As illegal forest-clearing fires once again burn acres of tropical peatland in Indonesia, new research on last year’s deadly blazes estimates that 100,000 people died prematurely from the toxic haze that resulted from the fires.

The fires are set each year to cheaply and quickly clear tropical peatland for palm oil and pulpwood plantations. While technically illegal, Indonesia has historically failed to regulate the devastating practice.

An Indonesian scientist described the fires last year as a “crime against humanity,” and NASA characterized the out-of-control blazes as the worst climate disaster on Earth at the time, as Common Dreams reported.

Yet the Indonesian government last year only reported 19 deaths from the blaze that forced school closures and grounded flights in the neighboring countries of Malaysia, Singapore, and Thailand.

Now, research from scientists at Harvard and Columbia estimates that the human death toll was over 5,000 times the government estimate.

“If nothing changes, this killer haze will carry on taking a terrible toll, year after year.”
—Yuyun Indradi,
Greenpeace IndonesiaThe study, published Monday in the journal Environmental Research Letters, “combined satellite data with models of health impacts from smoke exposure and readings from pollution monitoring stations,” the Guardian notes.

The results led the researchers to estimate that 100,300 died from the toxic haze that blanketed the region for weeks in 2015. They estimated 91,600 deaths in Indonesia, 6,500 in Malaysia, and 2,200 in Singapore.

And those estimates are conservative, Greenpeace International observed in a statement:

The cost to human health calculated in the new report is a conservative estimate, because the study did not include the impacts of the cocktail of other toxins which formed part of the haze, such as carbon monoxide, formaldehyde, hydrogen cyanide, arsenic and a host of others. It considered only premature adult deaths brought on by breathing high levels of smoke particles known as PM2.5. Measuring 2.5 micrometres or less, they are small enough to be inhaled and some are small enough to be absorbed into the bloodstream. They are known to cause deaths due to lung, heart and circulatory diseases including asthma, heart attack and stroke. Harm to children and pregnancies was not included, although the report notes that “impacts on children are likely significant.”

Indeed, Greenpeace International also quoted Dr. Nursyam Ibrahim, deputy of the West Kalimantan chapter of the Indonesian Medical Association, saying that the “greatest impact from breathing particles from peat fire smoke falls on vulnerable groups such as the elderly, pregnant women, babies, and children.”

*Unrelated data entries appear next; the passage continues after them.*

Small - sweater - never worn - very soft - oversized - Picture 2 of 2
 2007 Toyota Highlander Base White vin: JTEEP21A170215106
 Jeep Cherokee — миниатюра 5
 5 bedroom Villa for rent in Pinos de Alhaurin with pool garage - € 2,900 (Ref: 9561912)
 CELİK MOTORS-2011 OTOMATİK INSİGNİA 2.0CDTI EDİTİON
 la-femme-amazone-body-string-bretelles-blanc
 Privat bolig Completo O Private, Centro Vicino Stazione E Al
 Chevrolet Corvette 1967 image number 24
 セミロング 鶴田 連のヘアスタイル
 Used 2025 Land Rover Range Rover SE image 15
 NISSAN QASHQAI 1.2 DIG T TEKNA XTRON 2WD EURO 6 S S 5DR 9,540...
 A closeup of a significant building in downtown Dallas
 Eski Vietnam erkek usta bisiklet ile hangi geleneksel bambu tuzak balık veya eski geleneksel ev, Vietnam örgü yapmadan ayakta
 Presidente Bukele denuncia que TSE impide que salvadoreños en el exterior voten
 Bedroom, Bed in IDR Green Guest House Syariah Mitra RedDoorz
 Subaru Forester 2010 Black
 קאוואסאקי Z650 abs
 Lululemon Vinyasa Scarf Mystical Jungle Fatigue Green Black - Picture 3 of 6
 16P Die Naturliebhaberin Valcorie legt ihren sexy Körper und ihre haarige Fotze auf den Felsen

“The Indonesian Medical Association in West Kalimantan calls on all parties to work together to prevent fires, especially in peatlands,” Ibrahim added. “What is at stake is a decline in the quality of Indonesia’s future human resources. We are the doctors who care for the vulnerable groups exposed to toxic smoke in every medical center, and we know how awful it is to see the disease symptoms experienced by babies and children in our care.”

The toll wasn’t limited to humans, of course. Orangutans were also displaced and sickened by the thousands as their habitats went up in smoke.

And the disaster continues, as fire season is once again well under way in Indonesia. Last month, Singapore was again blanketed in the toxic haze produced by Indonesia’s plantation industry’s “slash and burn” practices.

Several weeks ago, environmental groups also reported that the illegal practice of burning peatland was spreading to the relatively untouched province of Papua.

“More than a hundred thousand are estimated to have died prematurely last year. Now fires are back again. If nothing changes, this killer haze will carry on taking a terrible toll, year after year,” said Greenpeace Indonesia forest campaigner Yuyun Indradi. “Industry and government must take real action to stop forest clearing and peatland drainage for plantations.”

“Now that we know the scale of the death toll, failure to act immediately to stem the loss of life would be a crime,” Indradi concluded.